I'm prefacing this with the benchmarks I did a while ago for various CGI processing packages using Apache2 on a Linux box running on an Athlon XP2100+ processor and Perl 5.8.8 benched with http_load doing 10 parallel fetches for 30 seconds. The scripts was a very simple one that decoded one CGI parameter and just printed its value back to the web browser. The 'null' scripts cheated and just printed a value without bothering to actually read the parameter.

  CGI.pm (3.05)                 via standard CGI -  16 fetches per sec
+ond
  CGI::Simple (0.075)           via standard CGI -  20 fetches per sec
+ond
  CGI::Deurl (1.08)             via standard CGI -  36 fetches per sec
+ond
  CGI::Thin (0.52)              via standard CGI -  38 fetches per sec
+ond
  CGI::Lite (2.02)              via standard CGI -  52 fetches per sec
+ond
  CGI::Minimal (1.16, :preload) via standard CGI -  52 fetches per sec
+ond
  CGI::Minimal (1.16)           via standard CGI -  66 fetches per sec
+ond
  cgi-lib.pl (2.18)             via standard CGI -  71 fetches per sec
+ond
  null Perl script              via standard CGI - 103 fetches per sec
+ond
  null C program                via standard CGI - 174 fetches per sec
+ond
  CGI::Simple (0.075)           via mod_perl     - 381 fetches per sec
+ond
  CGI.pm (3.05)                 via mod_perl     - 386 fetches per sec
+ond
  CGI::Minimal (1.16)           via mod_perl     - 417 fetches per sec
+ond
  null Perl script              via mod_perl     - 500 fetches per sec
+ond
[download]

A 'null' perl script that includes no external packages (roughly the same kind of script as yours) executed 103 fetches/second. Using CGI.pm dropped the speed to only 16 fetches/second mostly due to the overhead of its large size.

CGI.pm, by itself, is around 237K bytes of code - and it pulls in Carp (8 Kbytes in perl 5.8.8). Carp then pulls in Exporter (15 Kbytes), Exporter pulls in Exporter::Heavy (6 Kbytes) and Exporter::Heavy pulls in strict (3 Kbytes). If you do a 'use warnings;' that pulls another 16 Kbytes. If you do 'use CGI::Carp;' that will tack on another 16 Kbytes.
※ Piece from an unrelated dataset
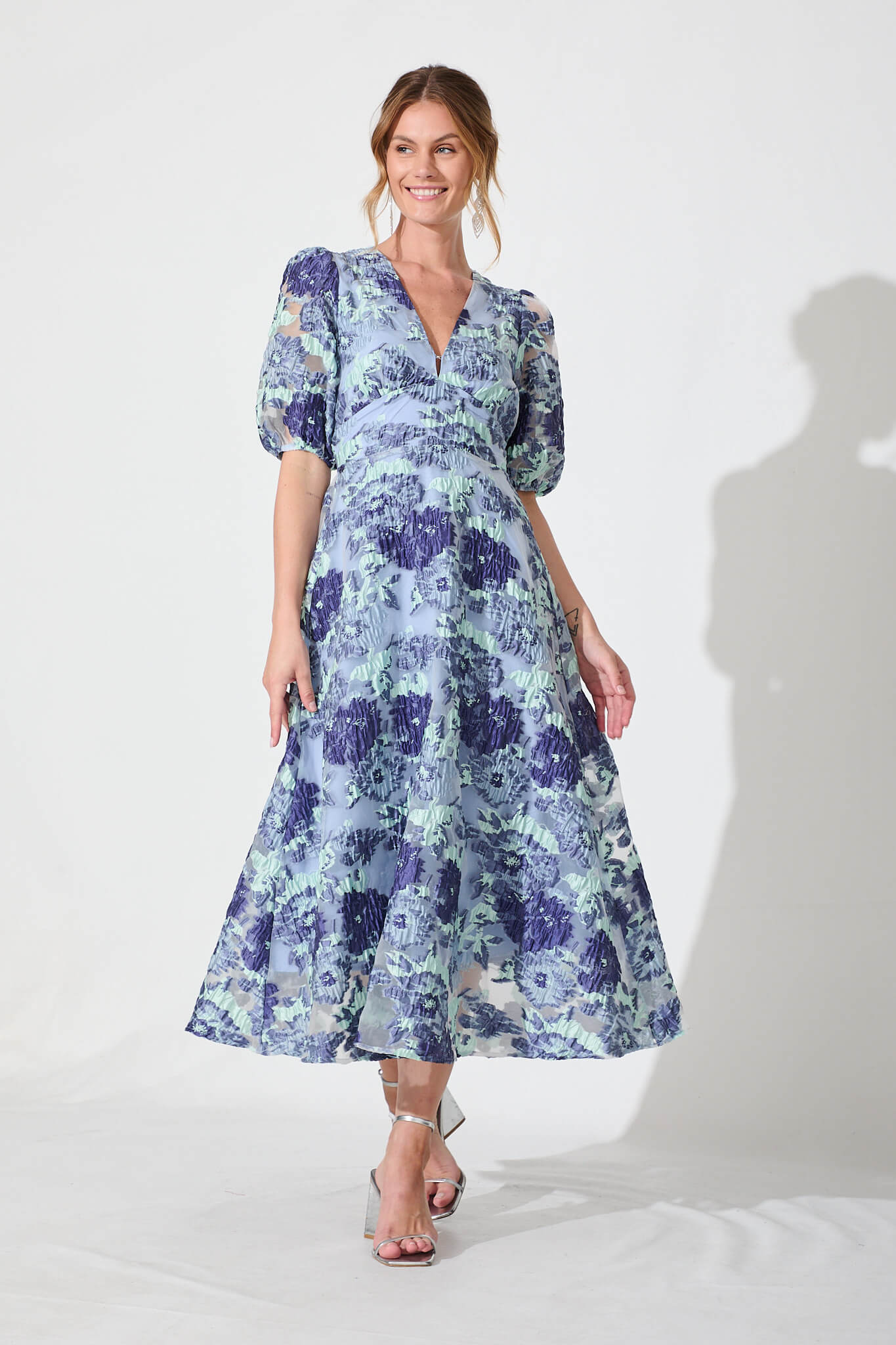 Opulence Midi Dress In Blue Floral Organza Jacquard - Image 3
So before your script does anything, you very likely will have loaded an additional 300 Kbytes of code just for having done

 use strict;
 use warnings;
 use CGI;
 use CGI::Carp;
[download]

So you would have limitted the maximum possible speed of your script as a standard (non-mod_perl) CGI to only (adjusting my numbers for the fact your system is about 50% faster than mine judging from the 'null script' speeds) 24 fetches per second. If your own code uses more modules than I've listed, even slower. You mentioned using a 'template library' - Template Toolkit pulls in hundreds of Kbytes with just 'use Template;'. That alone would cut your speed in half again. It can pull in as much as a megabyte of code depending on the features you use - which would drop your speed to under 5 fetches per second.

Vanilla CGI (non-persistent environments) is very slow for scripts that are of any significant complexity in general simply because it takes too much time to compile them and their supporting libraries.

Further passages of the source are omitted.